Part 1: The Offer
Simon was at the end of a long, fruitless shift. He and his buddies had forfeited a night’s sleep to go fishing, but the tilapia weren’t biting. The final clean up and sluice down of their gear was almost complete. Most of the nets were hanging out on their frames to dry. Shafts of sunlight were slipping over the crags of the lake’s eastern hills warming the fishermen’s backs. Simon was thinking only of bed when he heard the bustle of shopkeepers and their morning patrons moving toward the shore. One voice stood out among the rest and Simon looked up to see whose it was. He knew everyone in these parts, and he’d never seen this tall stranger who seemed to draw such a crowd.
“What…?” Simon stifled a surprised grunt as the stranger, still talking, moved toward the two scows resting onshore. He boosted himself onto the gunwales of one of them, swung his legs over the side and sat down on, continuing to speak. It was Simon’s boat.
Simon took a step closer, not only in defense of his property, but to hear what this man was saying. As he did, the man’s gaze fell directly on Simon.
“Put out into deep water,” he directed Simon, “and let down the nets for a catch.”
“Really?” thought Simon. “He doesn’t know we’ve been fishing all night with no success. We’re tired. The good nets are clean and drying; only the old ragtag nets are left in the transom. There isn’t a breath of wind so it will mean rowing. Doesn’t he know we’re done fishing for the day?” Simon was not in the mood to be told what to do.

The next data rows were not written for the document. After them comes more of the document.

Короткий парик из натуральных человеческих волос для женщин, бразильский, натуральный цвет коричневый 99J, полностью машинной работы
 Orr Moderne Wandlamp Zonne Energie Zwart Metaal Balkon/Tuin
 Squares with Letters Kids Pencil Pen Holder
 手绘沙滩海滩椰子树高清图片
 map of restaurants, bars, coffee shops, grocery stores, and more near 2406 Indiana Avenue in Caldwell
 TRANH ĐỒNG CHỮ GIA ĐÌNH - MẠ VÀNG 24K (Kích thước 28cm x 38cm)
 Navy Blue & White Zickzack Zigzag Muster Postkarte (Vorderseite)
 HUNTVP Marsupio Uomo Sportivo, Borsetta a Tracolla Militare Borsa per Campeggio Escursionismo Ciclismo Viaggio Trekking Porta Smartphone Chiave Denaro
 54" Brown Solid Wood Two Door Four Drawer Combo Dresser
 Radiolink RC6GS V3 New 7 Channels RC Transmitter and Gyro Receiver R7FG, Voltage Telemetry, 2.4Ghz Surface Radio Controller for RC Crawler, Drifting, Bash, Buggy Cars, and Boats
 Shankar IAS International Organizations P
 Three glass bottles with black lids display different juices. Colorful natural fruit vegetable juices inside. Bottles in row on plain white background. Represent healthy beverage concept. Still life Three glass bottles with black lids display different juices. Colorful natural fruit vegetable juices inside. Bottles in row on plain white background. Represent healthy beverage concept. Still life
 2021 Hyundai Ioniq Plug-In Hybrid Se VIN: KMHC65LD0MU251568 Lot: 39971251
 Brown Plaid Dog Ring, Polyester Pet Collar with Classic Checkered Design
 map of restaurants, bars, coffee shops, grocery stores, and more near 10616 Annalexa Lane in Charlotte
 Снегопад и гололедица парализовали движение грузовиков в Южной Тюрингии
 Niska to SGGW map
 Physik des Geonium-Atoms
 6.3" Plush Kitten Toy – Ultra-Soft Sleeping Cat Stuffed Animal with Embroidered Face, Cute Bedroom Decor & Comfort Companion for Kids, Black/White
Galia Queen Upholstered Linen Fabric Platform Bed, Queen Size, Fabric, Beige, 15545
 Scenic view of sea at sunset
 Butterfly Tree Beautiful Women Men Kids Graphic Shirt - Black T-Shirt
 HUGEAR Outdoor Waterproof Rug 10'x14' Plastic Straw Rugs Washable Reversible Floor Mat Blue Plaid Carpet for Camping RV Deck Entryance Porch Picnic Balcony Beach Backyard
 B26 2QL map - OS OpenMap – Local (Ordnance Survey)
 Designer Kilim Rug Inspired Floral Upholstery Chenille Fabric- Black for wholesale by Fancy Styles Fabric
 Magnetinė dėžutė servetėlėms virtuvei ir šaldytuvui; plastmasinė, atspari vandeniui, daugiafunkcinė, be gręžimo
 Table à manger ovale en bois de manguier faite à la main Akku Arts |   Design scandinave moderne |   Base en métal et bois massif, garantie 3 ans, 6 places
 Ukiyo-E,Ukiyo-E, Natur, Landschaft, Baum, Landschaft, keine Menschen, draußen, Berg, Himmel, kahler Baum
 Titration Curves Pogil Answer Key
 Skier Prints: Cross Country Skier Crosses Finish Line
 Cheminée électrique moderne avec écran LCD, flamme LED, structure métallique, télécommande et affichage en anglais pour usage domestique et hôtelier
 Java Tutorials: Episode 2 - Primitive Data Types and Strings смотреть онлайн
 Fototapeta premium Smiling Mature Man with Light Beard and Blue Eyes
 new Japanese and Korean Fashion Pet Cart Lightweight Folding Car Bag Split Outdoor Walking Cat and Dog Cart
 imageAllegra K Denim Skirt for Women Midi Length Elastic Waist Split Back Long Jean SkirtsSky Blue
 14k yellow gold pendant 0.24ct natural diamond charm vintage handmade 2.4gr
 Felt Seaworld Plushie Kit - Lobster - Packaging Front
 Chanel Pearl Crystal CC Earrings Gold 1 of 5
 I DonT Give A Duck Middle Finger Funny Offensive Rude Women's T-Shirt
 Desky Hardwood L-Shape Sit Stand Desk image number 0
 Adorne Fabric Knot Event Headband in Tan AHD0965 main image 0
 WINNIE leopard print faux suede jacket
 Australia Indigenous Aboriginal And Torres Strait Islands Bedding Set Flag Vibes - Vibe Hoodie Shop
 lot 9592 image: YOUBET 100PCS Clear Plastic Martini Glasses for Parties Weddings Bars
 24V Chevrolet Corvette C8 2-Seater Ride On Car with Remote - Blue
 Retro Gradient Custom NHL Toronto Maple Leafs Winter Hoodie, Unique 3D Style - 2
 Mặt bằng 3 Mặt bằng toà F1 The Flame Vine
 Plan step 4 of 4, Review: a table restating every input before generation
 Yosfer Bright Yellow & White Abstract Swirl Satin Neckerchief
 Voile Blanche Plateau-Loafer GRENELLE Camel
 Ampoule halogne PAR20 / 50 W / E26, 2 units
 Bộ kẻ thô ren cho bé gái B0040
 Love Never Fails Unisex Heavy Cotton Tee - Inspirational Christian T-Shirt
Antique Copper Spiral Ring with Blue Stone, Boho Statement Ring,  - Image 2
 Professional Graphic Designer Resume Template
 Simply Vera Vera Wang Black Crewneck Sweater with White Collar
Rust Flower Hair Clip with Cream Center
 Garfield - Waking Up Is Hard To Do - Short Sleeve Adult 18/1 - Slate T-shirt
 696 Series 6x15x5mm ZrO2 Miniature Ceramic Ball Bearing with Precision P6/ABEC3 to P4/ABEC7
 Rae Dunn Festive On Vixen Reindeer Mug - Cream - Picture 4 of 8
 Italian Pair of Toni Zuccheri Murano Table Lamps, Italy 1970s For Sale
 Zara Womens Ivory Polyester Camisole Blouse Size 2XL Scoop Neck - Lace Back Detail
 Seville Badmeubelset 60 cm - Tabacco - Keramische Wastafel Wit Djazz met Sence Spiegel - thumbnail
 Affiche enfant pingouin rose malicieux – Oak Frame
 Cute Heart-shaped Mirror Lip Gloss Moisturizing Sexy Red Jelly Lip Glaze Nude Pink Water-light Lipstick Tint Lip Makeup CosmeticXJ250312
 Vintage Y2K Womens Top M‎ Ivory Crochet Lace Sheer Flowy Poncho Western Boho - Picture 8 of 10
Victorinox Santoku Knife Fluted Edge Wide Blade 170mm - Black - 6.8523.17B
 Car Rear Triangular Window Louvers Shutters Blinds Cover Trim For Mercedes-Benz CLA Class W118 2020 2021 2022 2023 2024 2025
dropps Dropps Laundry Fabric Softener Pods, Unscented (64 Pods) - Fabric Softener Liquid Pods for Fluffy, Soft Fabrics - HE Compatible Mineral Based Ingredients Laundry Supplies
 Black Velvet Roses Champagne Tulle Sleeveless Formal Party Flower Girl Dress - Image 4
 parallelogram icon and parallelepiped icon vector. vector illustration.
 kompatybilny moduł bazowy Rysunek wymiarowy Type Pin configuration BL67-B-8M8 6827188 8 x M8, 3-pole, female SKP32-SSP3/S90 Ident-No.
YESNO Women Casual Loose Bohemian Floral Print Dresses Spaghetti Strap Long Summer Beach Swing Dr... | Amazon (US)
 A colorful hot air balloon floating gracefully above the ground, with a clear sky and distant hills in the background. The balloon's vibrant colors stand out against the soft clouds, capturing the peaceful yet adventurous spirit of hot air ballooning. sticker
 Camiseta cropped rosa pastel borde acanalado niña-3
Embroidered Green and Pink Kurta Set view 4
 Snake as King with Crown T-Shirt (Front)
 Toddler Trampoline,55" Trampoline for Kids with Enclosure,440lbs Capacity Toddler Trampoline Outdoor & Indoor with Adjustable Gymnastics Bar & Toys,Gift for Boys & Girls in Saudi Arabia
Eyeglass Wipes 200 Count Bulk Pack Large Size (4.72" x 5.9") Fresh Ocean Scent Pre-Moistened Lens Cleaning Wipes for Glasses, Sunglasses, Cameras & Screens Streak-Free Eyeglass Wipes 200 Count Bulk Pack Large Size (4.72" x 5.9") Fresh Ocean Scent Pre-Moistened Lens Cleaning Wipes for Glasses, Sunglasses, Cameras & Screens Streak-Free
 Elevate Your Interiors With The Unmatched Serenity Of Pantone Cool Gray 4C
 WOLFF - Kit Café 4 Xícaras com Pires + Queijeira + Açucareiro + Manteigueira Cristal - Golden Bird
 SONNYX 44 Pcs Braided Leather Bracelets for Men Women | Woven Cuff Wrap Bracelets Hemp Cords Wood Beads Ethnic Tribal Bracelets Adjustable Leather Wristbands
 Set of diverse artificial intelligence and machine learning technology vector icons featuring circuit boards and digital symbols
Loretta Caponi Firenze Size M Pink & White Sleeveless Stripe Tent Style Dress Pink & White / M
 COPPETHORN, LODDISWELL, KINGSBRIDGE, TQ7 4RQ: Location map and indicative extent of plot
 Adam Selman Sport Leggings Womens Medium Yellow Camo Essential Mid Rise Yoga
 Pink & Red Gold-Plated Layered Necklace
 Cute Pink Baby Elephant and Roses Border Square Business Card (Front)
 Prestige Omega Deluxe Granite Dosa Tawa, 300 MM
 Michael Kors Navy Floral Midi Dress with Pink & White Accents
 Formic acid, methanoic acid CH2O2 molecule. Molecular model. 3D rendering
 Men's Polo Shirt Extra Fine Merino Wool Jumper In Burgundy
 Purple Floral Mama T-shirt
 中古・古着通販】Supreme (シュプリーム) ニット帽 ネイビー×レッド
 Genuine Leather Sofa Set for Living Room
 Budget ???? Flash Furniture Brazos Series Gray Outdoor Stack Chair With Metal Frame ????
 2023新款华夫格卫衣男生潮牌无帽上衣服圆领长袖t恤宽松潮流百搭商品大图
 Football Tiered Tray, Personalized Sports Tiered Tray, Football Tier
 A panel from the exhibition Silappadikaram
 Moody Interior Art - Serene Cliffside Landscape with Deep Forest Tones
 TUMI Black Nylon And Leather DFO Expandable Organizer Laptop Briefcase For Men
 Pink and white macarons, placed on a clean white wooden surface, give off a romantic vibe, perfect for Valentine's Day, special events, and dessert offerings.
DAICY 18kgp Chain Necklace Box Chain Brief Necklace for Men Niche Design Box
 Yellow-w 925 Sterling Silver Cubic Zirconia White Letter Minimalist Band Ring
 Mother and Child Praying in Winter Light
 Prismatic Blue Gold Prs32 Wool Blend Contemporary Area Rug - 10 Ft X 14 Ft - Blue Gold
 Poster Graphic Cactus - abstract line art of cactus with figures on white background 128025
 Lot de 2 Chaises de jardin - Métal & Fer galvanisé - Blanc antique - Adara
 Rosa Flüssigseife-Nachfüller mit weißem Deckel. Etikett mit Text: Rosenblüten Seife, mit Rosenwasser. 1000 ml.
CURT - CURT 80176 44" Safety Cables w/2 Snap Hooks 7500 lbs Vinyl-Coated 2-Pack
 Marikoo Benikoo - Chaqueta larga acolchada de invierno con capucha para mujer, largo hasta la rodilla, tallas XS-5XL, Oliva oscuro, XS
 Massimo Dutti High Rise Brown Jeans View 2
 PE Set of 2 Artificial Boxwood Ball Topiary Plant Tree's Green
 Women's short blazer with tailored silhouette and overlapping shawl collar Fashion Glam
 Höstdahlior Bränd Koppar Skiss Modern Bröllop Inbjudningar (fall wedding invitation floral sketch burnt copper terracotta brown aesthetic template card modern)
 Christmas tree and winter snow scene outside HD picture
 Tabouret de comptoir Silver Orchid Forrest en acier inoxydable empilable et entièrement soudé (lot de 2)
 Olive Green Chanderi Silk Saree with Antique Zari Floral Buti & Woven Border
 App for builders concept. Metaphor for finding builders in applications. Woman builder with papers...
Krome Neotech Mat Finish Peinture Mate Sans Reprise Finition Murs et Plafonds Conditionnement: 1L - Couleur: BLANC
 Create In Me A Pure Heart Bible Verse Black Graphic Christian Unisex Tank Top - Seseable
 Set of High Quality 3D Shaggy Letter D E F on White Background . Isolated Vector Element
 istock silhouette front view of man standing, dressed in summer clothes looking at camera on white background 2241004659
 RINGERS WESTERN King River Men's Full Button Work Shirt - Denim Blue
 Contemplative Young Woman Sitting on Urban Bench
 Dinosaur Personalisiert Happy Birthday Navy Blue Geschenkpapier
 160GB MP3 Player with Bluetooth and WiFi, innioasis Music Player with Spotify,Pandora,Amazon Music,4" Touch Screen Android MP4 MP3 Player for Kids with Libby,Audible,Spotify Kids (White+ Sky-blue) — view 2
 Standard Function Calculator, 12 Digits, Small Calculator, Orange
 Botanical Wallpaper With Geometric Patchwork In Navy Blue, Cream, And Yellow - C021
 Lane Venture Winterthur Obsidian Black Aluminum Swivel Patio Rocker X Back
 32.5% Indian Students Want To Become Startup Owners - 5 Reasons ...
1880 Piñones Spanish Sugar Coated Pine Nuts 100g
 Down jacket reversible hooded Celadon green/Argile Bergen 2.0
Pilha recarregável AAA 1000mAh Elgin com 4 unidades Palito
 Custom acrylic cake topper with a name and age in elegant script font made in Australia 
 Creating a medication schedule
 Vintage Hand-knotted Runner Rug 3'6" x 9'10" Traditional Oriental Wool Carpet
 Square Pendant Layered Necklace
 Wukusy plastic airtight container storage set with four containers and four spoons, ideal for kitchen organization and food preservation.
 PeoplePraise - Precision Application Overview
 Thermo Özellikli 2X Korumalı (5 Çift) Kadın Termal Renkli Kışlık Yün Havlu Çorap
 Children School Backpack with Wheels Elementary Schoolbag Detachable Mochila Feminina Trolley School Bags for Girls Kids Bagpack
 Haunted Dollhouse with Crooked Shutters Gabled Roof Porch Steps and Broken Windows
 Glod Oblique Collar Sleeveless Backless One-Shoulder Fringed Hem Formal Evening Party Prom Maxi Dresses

But Simon and his buddies found themselves agreeing, and rowed out to the deep parts, leaving the crowds on the shore. And there, in the middle of the lake Jesus gave them a taste of what meeting Him means. Ragtag nets were barely tossed to sink below the surface when they were full of writhing, thrashing, flippers and fins. Hundreds of them.
The men’s reaction must have been awestruck, open-mouthed fear because Jesus told them, ”Don’t be afraid.”
He also told them, in a way, that they were done fishing – not just for the day, but forever. He had a higher calling for them. Those fish could go to the people onshore, but from then on, Simon and his buddies would be fishers of men and women, if they agreed.
What did that mean to Simon and Andrew, James and John, the first disciples that met Jesus? Maybe more relevantly, what does it mean to us, to you and me who live here and now, two thousand years later? Do we meet Jesus too?
I believe the answer is yes. The theme of everything we read in the Bible points to this one truth: Jesus is a man for all people and all times. He meets every one of us. Every person gets at least one chance to hear His offer and respond. You do and I do. It may not be at a Middle East lakeside setting, but He will come into your world, call you away and make you an offer. Then it’s up to you to decide: stay with the status quo, do your own thing and forever wonder what it would have been like to follow Him, or say with some fear, ‘yes’.
Jesus, meet us today. Help us put aside our fear long enough to hear your offer and recognize it as our hearts’ true longing. Boats, nets and fish aside, help us follow You.